THE NAKED UGLINESS OF BEYOND THE FOREST (1949)

Martin Shingler
Introduction
Since its release, Beyond the Forest (King Vidor, 1949) has been generally derided as an overblown pot-boiler, widely considered to be of little importance other than for demonstrating the decline of Davis’s film career after 1945 and for being a camp classic beloved by gay audiences. It is, however, more interesting than this since it contains one of the most original and radical depictions of the female body of any Hollywood film of the studio era. The keynote of this film is naked ugliness. Although devoid of nudity, the film consistently draws attention to the star’s body, particularly her breasts, so much so that many critics in 1949 considered it to be in bad taste and an insult to an actress of Davis’s calibre. The suggestion at the time was that Bette Davis was demeaning herself by appearing in this way but, with hindsight, the film can be seen as a demonstration of her courage and originality as a performer and, in particular, her willingness to shock and horrify audiences with an uncompromising portrayal of evil and ugliness. So shocking was this that the studio inserted a warning at the start of the picture in the form of a written foreword superimposed over the opening images, stating that,
This is a story of evil. Evil is
headstrong – is puffed up. For our
soul’s sake, it is salutary for us
to view it in all its naked ugliness
once in a while. Thus may we know how
those who deliver themselves over to
it, end up like the scorpion, in a mad
fury stinging themselves to eternal death.

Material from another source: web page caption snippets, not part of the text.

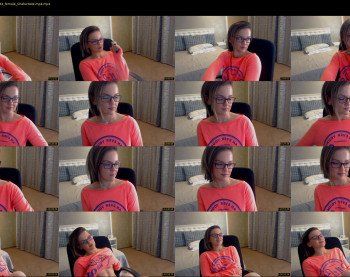 tiffanyriox — 125 minute Chaturbate female cam show recording, 720p, Mar 5, 2019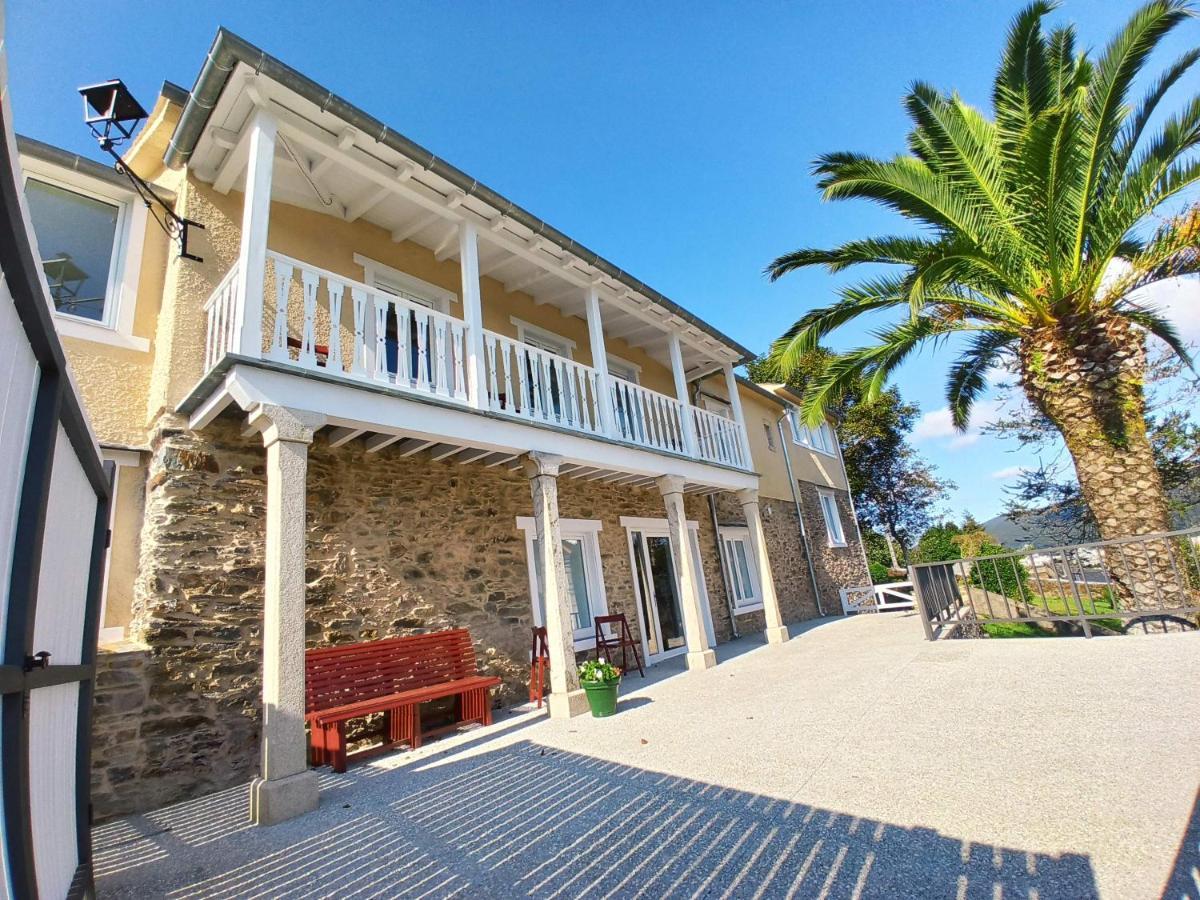 Apartment Minas De Silvarosa Viveiro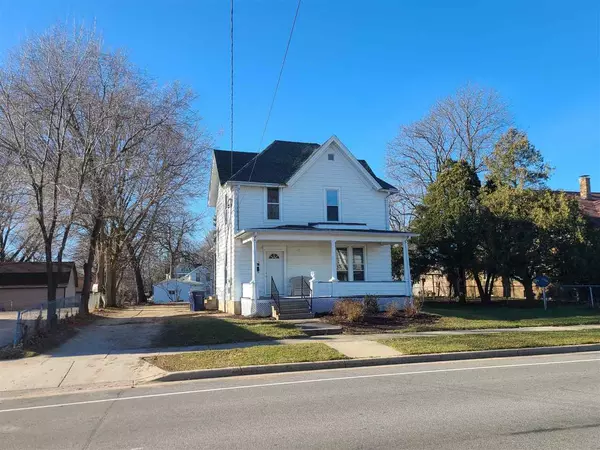 Janesville, WI 53548,103 N Pearl St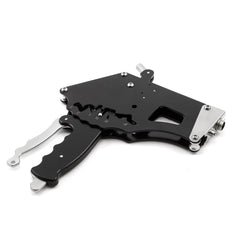 Speedmaster PCE220.1007 Reverse Pattern Automatic Racing Shifter w/ Safety Switch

Once the action begins it is revealed that the evil at the heart of this story is female, evil personified in the classic form of the femme fatale.1 The audience is told that it is in its own interest to look upon this, to gaze upon it in all its naked ugliness to discover how evil women are destined to destroy themselves. Prior to this warning, posters had appeared across the United States announcing the release of the film, declaring that ‘Nobody’s as good as Bette Davis when she’s bad!’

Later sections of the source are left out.